Lo declaró con una sinceridad llena de patetismo. Estaba tan agotado que ya ni dormía. Las bolsas en los ojos se le habían ido haciendo más profundas y había perdido apetito y peso de una manera alarmante.

—Enfrentémonos a él una última vez y acabemos con esta pesadilla cuanto antes…

Pero de entre los presentes sólo lo secundaba el anciano Artábazo.

Éste hacía ya un tiempo que intuía las aspiraciones de Beso, pero las consideraba parte de las fuerzas centrífugas inevitables en un imperio de gentes tan dispares.

Que los bactrianos lideraran el cada vez más influyente bloque oriental no dejaba de ser una novedad sin serlo, una variación más dentro de la historia de siempre.

Como contrabalanza se iba afirmando cada vez con más claridad el contingente de los jonios que, aunque inferiores en número, constituían por su mayor preparación un bloque de fuerza militar equiparable. Sin embargo, el equilibrio era inestable y la mejor manera de evitar un enfrentamiento era movilizarlos a todos contra un enemigo común.

Ése era el pensamiento profundo que escondía tras unas razones más superficiales que expuso y que parecieron bien a la mayoría.

Pero entonces intervino Autofrádates.

2

Desde su rincón en la tienda el rodio explicó con la hosquedad que se le conocía los motivos por los cuales pensaba que tenían la batalla perdida.

—Lo que afirma Artábazo es muy sensato, como de costumbre. Pero no me convence —dijo—. O por lo menos ya no. Las cosas no han dejado de ir a peor. Nos guste o no hemos de rendirnos a la evidencia. Los pueblos del Imperio han perdido su confianza en nuestra buena estrella y sobre todo en la tuya, Darío. En cambio Beso cuenta con el apoyo de las naciones orientales. Los escitas y los indios son aliados de su familia desde hace muchas generaciones y muchos se les unirán para defender al bactriano…
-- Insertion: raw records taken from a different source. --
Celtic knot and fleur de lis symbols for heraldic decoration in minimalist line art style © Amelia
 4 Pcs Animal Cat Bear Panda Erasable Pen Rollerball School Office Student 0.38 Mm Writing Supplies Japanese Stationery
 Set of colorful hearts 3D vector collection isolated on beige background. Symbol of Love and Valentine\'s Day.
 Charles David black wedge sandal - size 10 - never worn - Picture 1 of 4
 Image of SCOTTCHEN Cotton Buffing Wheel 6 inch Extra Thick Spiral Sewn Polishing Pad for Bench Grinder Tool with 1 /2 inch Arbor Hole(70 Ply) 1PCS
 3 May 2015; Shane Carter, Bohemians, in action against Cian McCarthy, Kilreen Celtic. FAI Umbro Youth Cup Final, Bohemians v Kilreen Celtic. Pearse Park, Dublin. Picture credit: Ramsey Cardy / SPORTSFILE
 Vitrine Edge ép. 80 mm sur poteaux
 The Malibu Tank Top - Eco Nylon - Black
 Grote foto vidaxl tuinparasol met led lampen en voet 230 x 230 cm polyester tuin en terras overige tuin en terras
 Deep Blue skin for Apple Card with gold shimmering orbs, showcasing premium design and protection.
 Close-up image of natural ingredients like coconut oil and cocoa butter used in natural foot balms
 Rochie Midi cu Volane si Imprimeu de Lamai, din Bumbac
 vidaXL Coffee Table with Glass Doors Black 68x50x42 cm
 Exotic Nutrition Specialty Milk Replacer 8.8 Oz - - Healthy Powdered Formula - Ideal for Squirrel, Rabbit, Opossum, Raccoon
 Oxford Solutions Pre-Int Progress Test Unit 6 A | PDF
Autofrádates ya nunca cruzaba la palabra con Beso.

Desde su último enfrentamiento, cuando el Gran Rey le había retirado su confianza, los dos se ignoraban y en las raras ocasiones en las que se veía obligado a dirigirse a él Beso, por ejemplo, lo hacía a través de terceras personas. «Dile que su presencia en este campamento ya no es grata al Gran Rey», le había dicho recientemente a Farnabazo.